Henry, you should read Richard Rorty--he uses quite a bit of linguistic/historicism in his political philosophy; I bet you'd find him interesting (particularly, "Contingency, Irony and Solidarity)

Anonymous said...

Thanks for commenting, Bill.

I didn't mean to diss linguistics. And I do think that sometimes economists use a little too much jargon. I like simplicity and "straight talk" when possible. It's fine to question the word choices of economists. But I'd also question some of the left's word choices, such as "exploit", "extract surplus", and even "worker"/"laborer". I think managing a team of workers is itself work. Therefore, why not call a manager a worker?

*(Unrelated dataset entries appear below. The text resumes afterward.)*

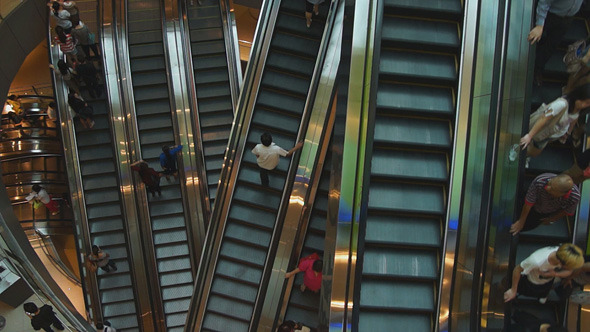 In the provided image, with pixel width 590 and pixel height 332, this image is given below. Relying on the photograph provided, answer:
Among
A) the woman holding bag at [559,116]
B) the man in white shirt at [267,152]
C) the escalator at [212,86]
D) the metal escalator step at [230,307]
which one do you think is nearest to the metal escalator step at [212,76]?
the escalator at [212,86]

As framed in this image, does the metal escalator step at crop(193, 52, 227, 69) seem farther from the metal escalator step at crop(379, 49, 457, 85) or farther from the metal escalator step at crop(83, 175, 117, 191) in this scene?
the metal escalator step at crop(379, 49, 457, 85)

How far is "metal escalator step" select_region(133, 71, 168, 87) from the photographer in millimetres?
11281

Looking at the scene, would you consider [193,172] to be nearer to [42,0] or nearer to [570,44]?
[42,0]

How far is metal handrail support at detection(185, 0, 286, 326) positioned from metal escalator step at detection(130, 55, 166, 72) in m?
3.63

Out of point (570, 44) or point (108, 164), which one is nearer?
point (570, 44)

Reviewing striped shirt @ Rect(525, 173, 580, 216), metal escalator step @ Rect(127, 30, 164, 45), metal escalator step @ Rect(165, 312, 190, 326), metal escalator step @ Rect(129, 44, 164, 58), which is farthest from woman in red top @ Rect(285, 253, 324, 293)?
metal escalator step @ Rect(127, 30, 164, 45)

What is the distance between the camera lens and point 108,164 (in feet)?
36.2

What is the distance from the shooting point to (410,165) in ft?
20.0

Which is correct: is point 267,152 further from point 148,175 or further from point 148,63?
point 148,63

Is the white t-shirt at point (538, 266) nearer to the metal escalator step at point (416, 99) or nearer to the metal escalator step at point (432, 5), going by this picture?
the metal escalator step at point (416, 99)

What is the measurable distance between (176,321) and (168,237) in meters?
1.88

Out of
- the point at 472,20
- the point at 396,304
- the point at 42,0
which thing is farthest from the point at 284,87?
the point at 42,0

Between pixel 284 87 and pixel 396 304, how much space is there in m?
4.65

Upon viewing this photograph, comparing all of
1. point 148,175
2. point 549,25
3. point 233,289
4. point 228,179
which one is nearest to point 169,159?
point 148,175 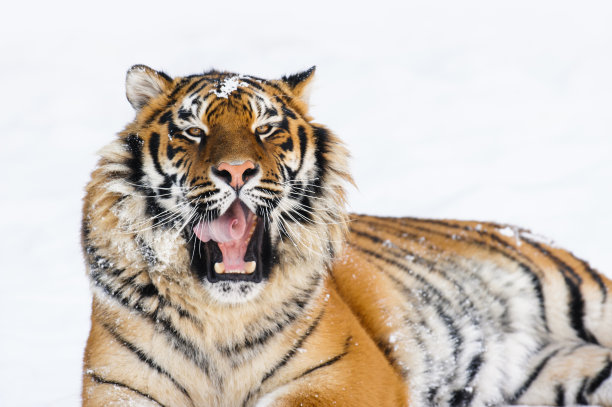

I've heard of people talking about "social constructs", and I associate it with social science, etc. I've encountered similar talk in history class and maybe anthropology as well. But I can't say I'm very well versed in that theory. Are you a fan?
-gbarr

Bill said...

It has its uses. Constructivism isn't necessarily something I subscribe to, but I acknowledge its importance in forcing the social sciences to do some much-needed self-reflection. As a methodology, I like it; as a theory it has limited usefulness since it undercuts the ability of social sciences to call themselves "sciences". Not sure if I'm explaining that very well.

Anonymous said...

I think I know what you mean. Thanks.
-g

Rabi Abonour said...

Great post, man. I find the language/meaning dichotomy extremely fascinating, particularly in political discourse.